La séance présente également deux belles fables, La Mort, Père & Fils de Denis Walgenwitz et Vincent Paronnaud (alias Winshluss, l’auteur de bandes dessinées) et Nachsaison de Daniela Leinter. Drôles et émouvants, les deux films pourraient passer, aux yeux de certains, pour mièvres et doucereux. Question de goût, sans doute. Les deux œuvres abordent des questions éternelles, sans fars et sans détours, avec une certaine drôlerie. Dans Nachsaison, un couple de vieux s’est rendu à la plage pour profiter du soleil. Alors qu’ils dorment à poings fermés, les malheureux sont possédés par des bernard-l’ermite en rut. (Vous avez bien lu.) S’en suit une danse lascive hautement comique. La Mort, Père & Fils, peut-être l’un des plus beaux films de ce volet de la compétition, évoque les liens d’un garçon à son père —un père pas comme les autres, puisqu’il fauche les âmes des vivants. Les péripéties du garçon offrent toute une série de scènes extrêmement drôles.

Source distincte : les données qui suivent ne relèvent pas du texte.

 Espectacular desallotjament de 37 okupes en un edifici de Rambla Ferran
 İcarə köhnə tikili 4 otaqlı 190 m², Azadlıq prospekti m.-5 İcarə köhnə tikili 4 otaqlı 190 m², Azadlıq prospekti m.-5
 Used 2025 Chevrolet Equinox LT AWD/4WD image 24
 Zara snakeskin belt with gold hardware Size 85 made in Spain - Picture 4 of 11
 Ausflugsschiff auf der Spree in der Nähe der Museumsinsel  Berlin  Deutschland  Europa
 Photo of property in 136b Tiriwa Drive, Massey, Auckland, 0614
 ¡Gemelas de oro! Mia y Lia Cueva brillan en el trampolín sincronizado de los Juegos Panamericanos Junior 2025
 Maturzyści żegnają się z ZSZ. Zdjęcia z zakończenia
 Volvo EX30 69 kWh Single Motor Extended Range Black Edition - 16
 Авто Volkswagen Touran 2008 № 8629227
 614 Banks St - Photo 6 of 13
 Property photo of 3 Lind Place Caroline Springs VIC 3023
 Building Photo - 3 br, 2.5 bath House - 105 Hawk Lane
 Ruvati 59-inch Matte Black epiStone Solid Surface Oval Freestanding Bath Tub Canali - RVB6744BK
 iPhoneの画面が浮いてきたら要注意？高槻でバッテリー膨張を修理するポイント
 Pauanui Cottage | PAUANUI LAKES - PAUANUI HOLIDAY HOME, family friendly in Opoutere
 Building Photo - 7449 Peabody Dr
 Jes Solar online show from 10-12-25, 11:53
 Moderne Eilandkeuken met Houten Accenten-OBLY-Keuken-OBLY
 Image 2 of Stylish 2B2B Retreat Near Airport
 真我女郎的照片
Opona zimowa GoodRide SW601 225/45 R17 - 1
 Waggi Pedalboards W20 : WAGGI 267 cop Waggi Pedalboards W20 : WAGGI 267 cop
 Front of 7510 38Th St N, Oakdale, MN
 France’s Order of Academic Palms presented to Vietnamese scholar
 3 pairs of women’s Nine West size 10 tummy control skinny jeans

Pour finir, le premier volet de la compétition comptait trois œuvres non narratives tout à fait étonnantes, Stanzas d’Alicja Jasina, Overlook de Pink Twins et Monstropedia de Koji Yamamura. La première d’entre elles, Stanzas, illustre —ou plutôt, interprète— un très beau poème d’Aldous Huxley. Chaque vers donne lieu à une transcription visuelle convoquant tour à tour des mots, des lettres, des lignes, des formes géométriques, de pures couleurs, etc. Comme souvent en animation —en particulier dans les films non narratifs et non figuratifs où la voix over et la musique jouent un rôle important— la transformation des images relève d’une forme de synesthésie. L’animatrice pense de manière organique et multidimensionnelle —ou, pour reprendre le poète dans le texte, « like a pure angel thinking colour and form ». Tout aussi étonnant, mais dans un genre radicalement différent, Monstropedia de Koji Yamamura. Ce dernier évoque tout à la fois les bestiaires monstrueux de vieilles enluminures, l’univers d’Edward Gorey ou les animations de Terry Gilliam pour les Monty Python. Plus abstrait, plus étrange et plus étonnant, Overlook de Juha et Vesa Vehviläinen offre une vision fantasmatique et hallucinante d’un intérieur noyé sous d’étranges coulées visqueuses, sorte de clin d’œil cryptique au Shining de Kubrick. En somme, un très bon premier volet, composé de films variés et solides.